An understanding of the 'allowed for' effort in a client engagement means that capacity can be managed. Capacity management uses the concept of a full-time equivalent (FTE). Each team member has capacity measured as a partial or full FTE. Being able to associate an engagement back to budgeted effort means that the team members assigned to that client have their personal FTE availability reduced. The available FTE of each team member contributes to the total practice FTE capacity. Tracking the available capacity of a team member enables the monitoring of their ability to take on additional work. Monitoring the FTE of the practice as a whole means that the critical point for engaging a new team member can be identified. What can be measured can be managed.
A business with vision and goals is a business geared for growth. To track growth, there must be measurable components. The practice needs to review practice performance against internal growth targets; to understand the profitability of an engagement – is the client engagement being fulfilled within scope or is the effort required to fulfil the scope greater than expected? Is contingency used? These are all measurable because expended effort is monitored against budgeted effort.
A pricing review is a check that your delivery price is in line with scope, changes in CPI and the value you are delivering to your client. A pricing review cannot be completed without a thorough understanding of the required effort of the engagement.
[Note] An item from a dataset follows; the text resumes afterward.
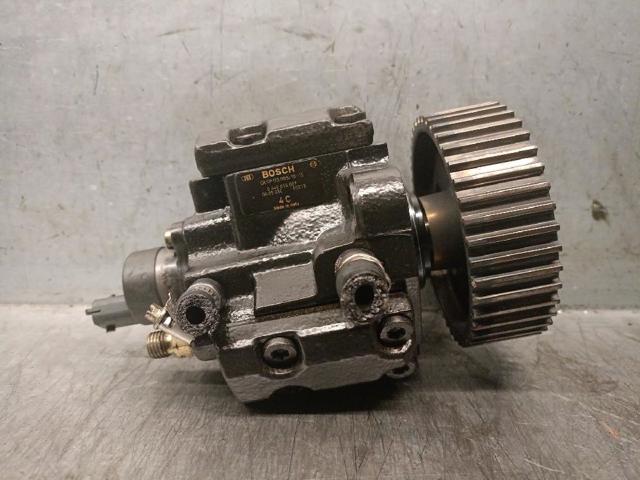 46811230 Fiat/Alfa/Lancia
Team performance reviews are about work performance and personal development. A part of work performance is the assessment of how well the scoped work has been completed. Is it completed within budgeted effort? Has any of the contingency been used?
Diligence to tracking activity against budgeted effort enables a measure of when the engagement is being met or not. Meeting or under achieving budgeted effort is the cream of good service delivery. How you choose to use this cream within your practice is entirely up to you. Keep it within the business or give back to the team. Being able to measure performance means you can make choices based on calculable metrics.
Maintaining the use of timesheets within a practice to track billable activities is not the answer. A modern practice can be effectively managed by actively tracking activity and effort. Without this process a practice is only guessing about practice capacity, wouldn’t have optimal team capacity, is missing value-add opportunities, and would not have the necessary metrics in place to conduct internal reviews.
Timesheets with an emphasis on tracking all available hours may be anathema to value pricing advocates, but tracking effort to support business growth is key to a successful practice.